Nos jardins em torno da igreja, ergue-se o Monumento a Karađorđe, uma escultura de bronze construída em 1979, em memória do grande líder da Primeira Revolta Sérvia, Đorđe Petrović Karađorđe.

Termino assim uma crónica que foi inspirada na visita que fiz à cidade na década de 80 do século passado, quando Belgrado era a capital da Jugoslávia, complementando agora os textos e algumas fotos, com dados atuais, de 2023, quando a Jugoslávia já nem existe, e a cidade passou a ser capital de um outro país. Pelo caminho ficou a década de 1990, com sucessivas guerras, primeiro com a Sérvia como principal agressor, atacando os países da federação que procuravam obter a sua independência, mas terminando a ser atacada pela NATO, num esforço para que a Sérvia cumprisse os acordos de paz assinados… só assim se conseguiu alguma paz nesta região dos Balcãs.

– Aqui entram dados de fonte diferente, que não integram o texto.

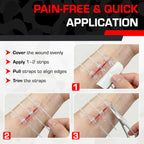Medizip Stitchless Zip Wound Closure Strip 60×70mm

Queria ainda deixar bem evidente a minha opinião em relação a este destino, registando que existem muitas outras atrações nos países Balcânicos, bem mais interessantes do que aquilo que podemos encontrar aqui em Belgrado, apesar desta cidade ter sido a mais poderosa da região ao longo de muitos anos, não é um lugar que eu recomende.